With the myriad of marketplaces for online sales, the number of choices can be overwhelming. Most of the sites have trials to give you time to try the storefront and see if it works for you, so it may be helpful to sign up for multiple sites and give yourself time to play around and compare them. That said, let’s look at three types of marketplaces, each of which offer different services for selling your work.

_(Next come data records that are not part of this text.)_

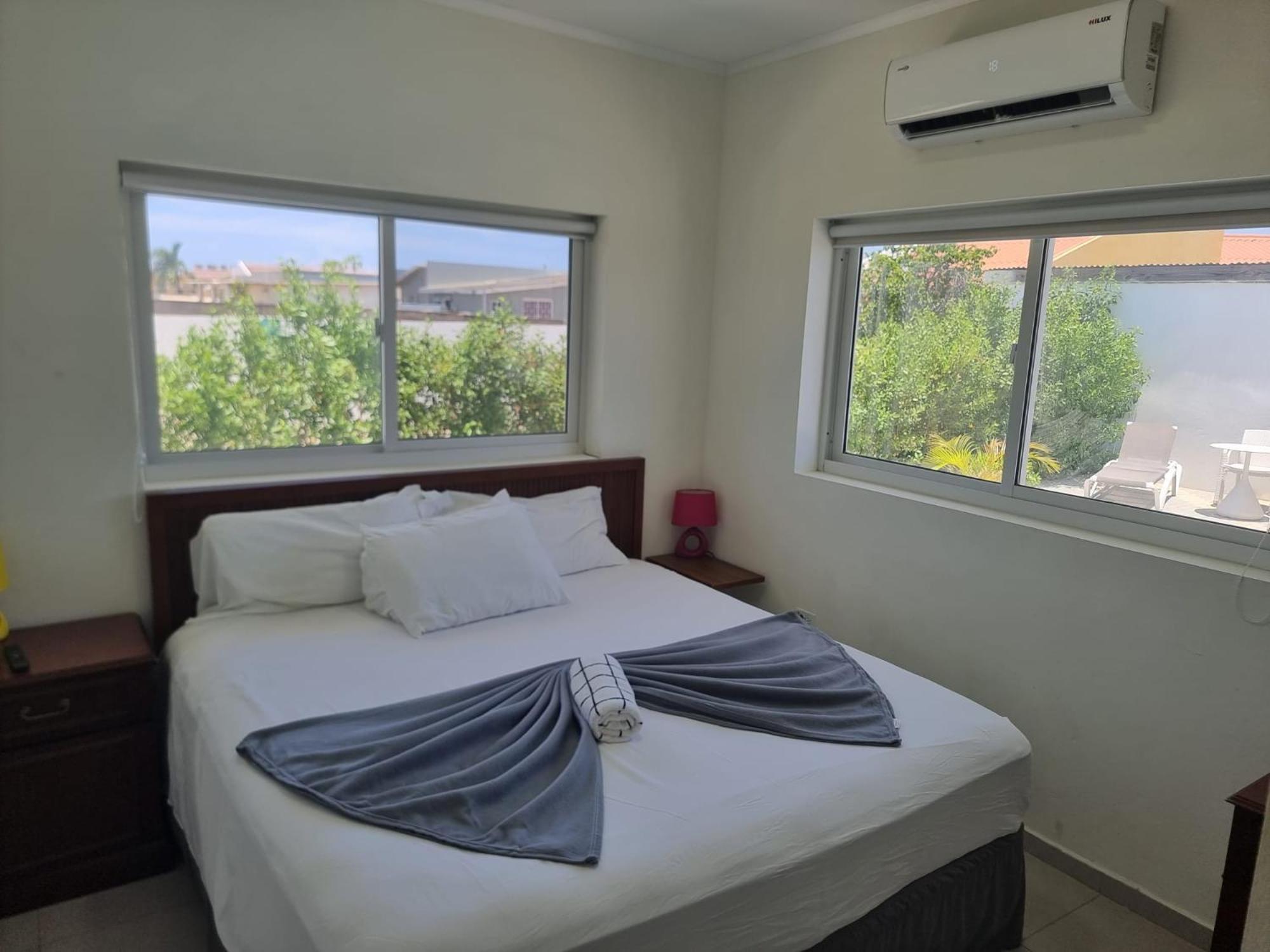 Ocean Breeze Apartments In Aruba Oranjestad Exterior photo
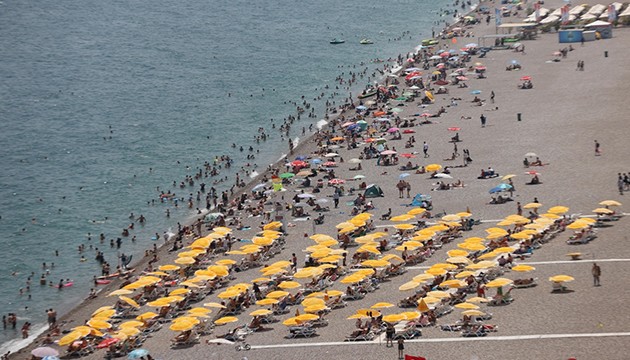 Antalya sahilleri doldu taştı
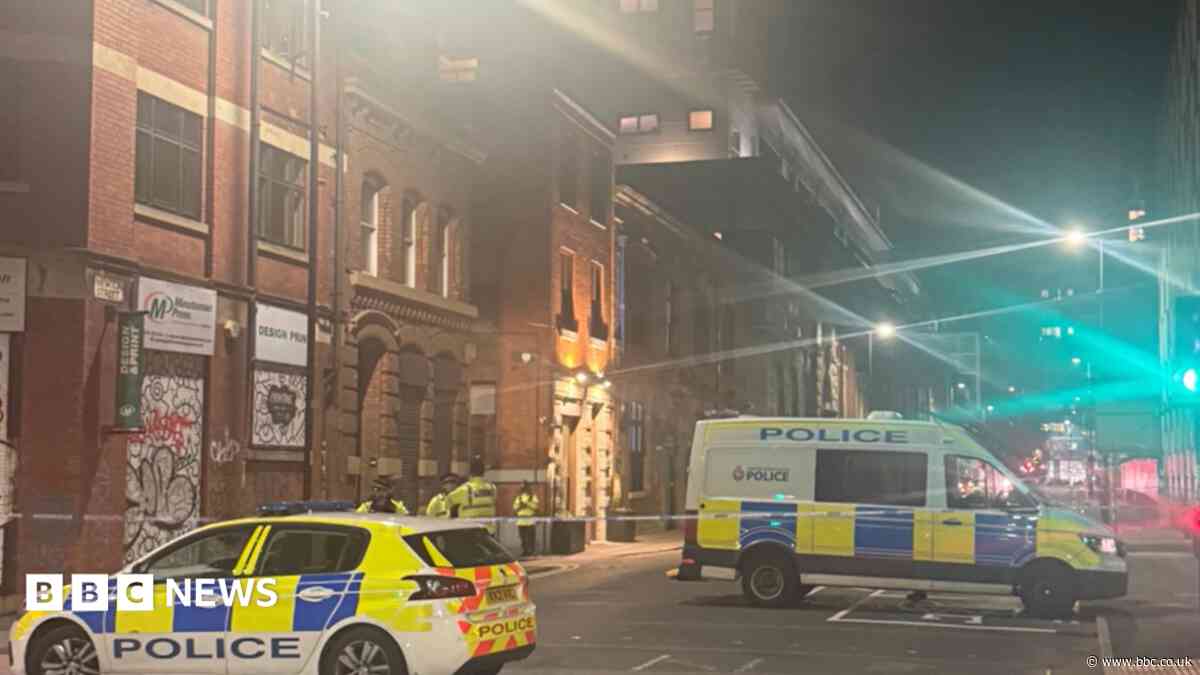 Two arrested in counter-terror swoop, say police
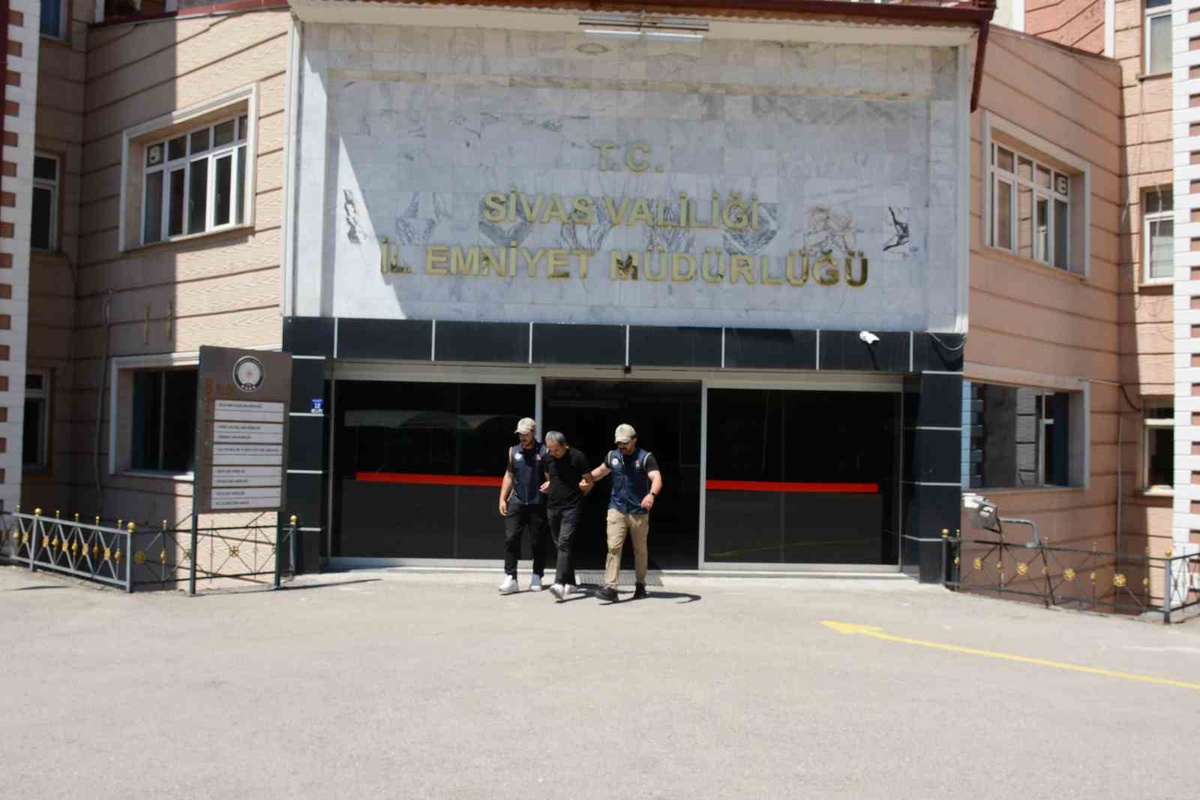FETÖ Üyesi M.K. Sivas\'ta Yakalandı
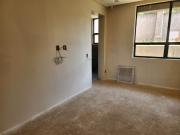 6 Bedroom House in Zwavelpoort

Zatista.com is great example of sales with support. For both wholesale and retail buyers, Zatista sells the gamut of mediums, including photography. The support services and promotion allow you to focus on just selling your work. You can register and set up at no cost, but when you sell be ready to share a 45% commission with Zatista. Zatista really caters to the buyer, including a newsletter, guest curators that design rooms with art, and objects viewable in a virtual room, which allows buyers to visualize the piece on a wall. They also guarantee a hassle-free return. Be sure to be aware of these types of guarantees and how they may effect your sales.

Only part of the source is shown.